══ DATA IN THIS EXERCISE
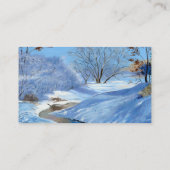 Winter Creek Business Card Visitenkarte (Rückseite)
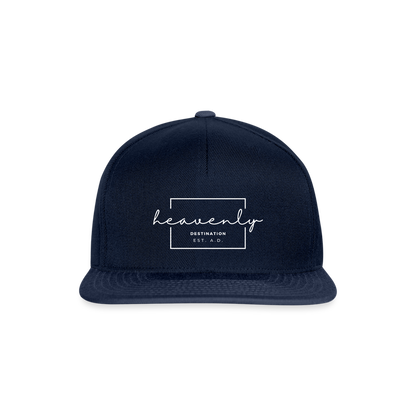 heavenly destination - Snapback Cap - Navy/Navy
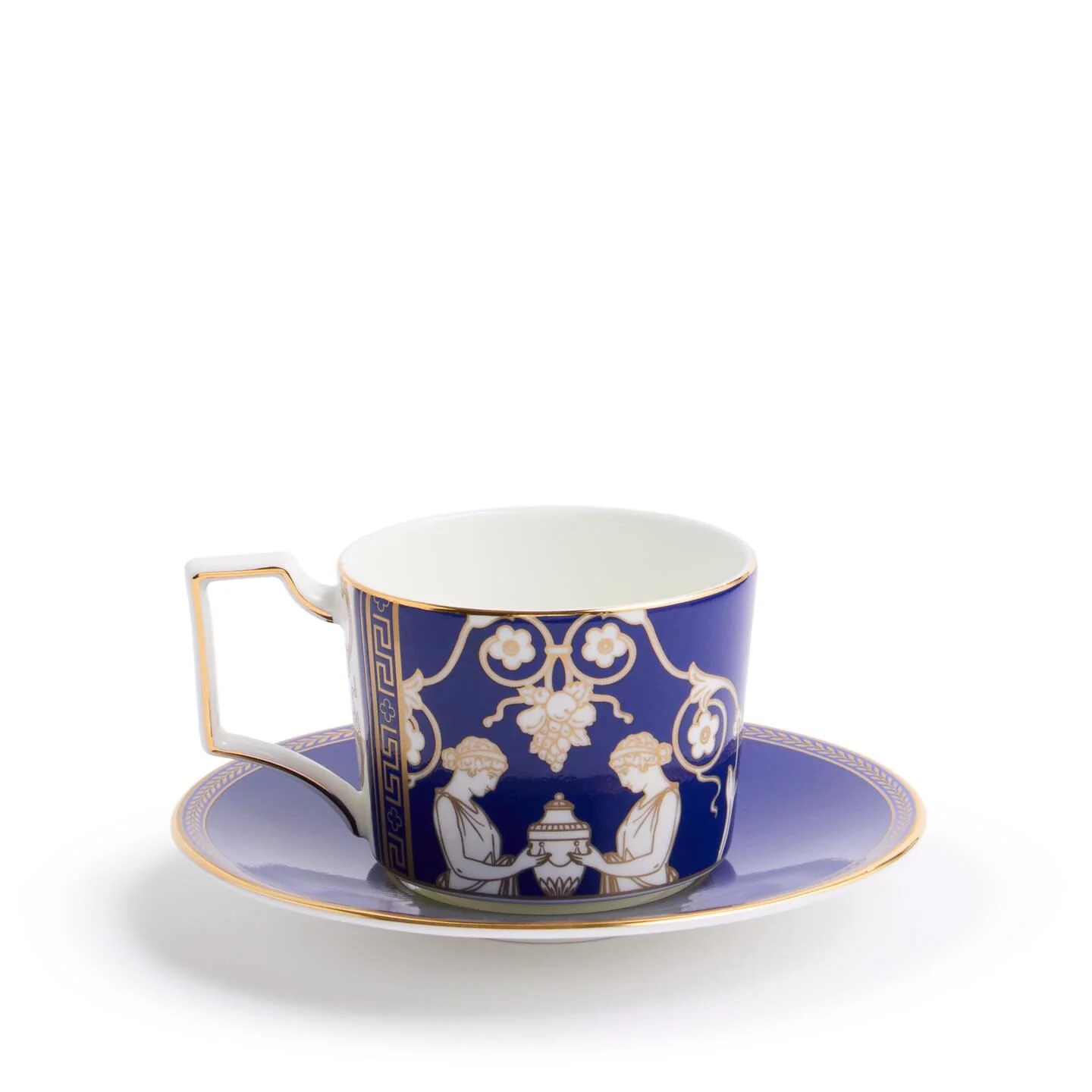 Renaissance Gold Teacup & Saucer Accents
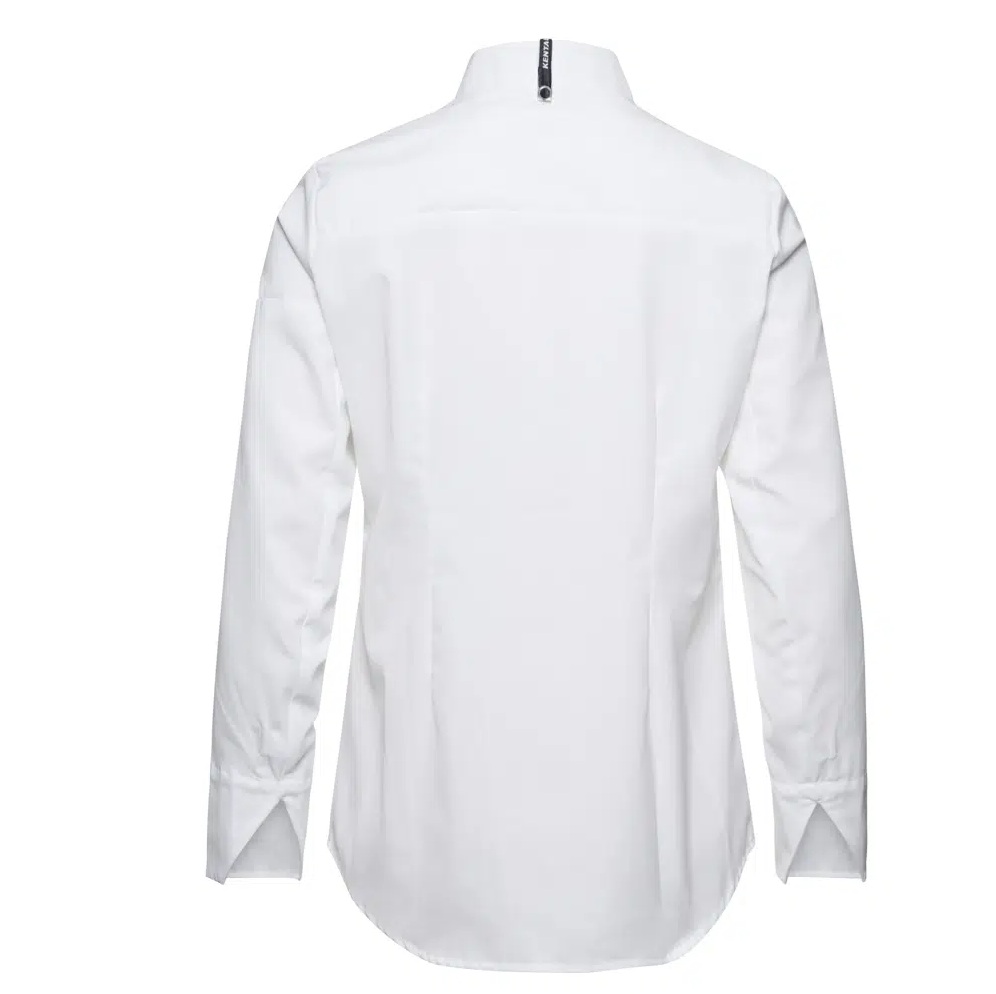 Dame kokkeskjorte, hvid, 65/35% PES/CO, Kentaur, fra XS til 2XL (1 stk.)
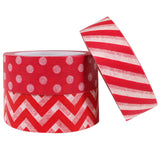 Wrapables Ravishing Red Japanese Washi Masking Tape (Set of 3)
════
TASK OBJECTIVE
Omit the pictures. Output every record above word for word.

EXERCISE SOLUTION
 Winter Creek Business Card Visitenkarte (Rückseite)
 heavenly destination - Snapback Cap - Navy/Navy
 Renaissance Gold Teacup & Saucer Accents
 Dame kokkeskjorte, hvid, 65/35% PES/CO, Kentaur, fra XS til 2XL (1 stk.)
 Wrapables Ravishing Red Japanese Washi Masking Tape (Set of 3)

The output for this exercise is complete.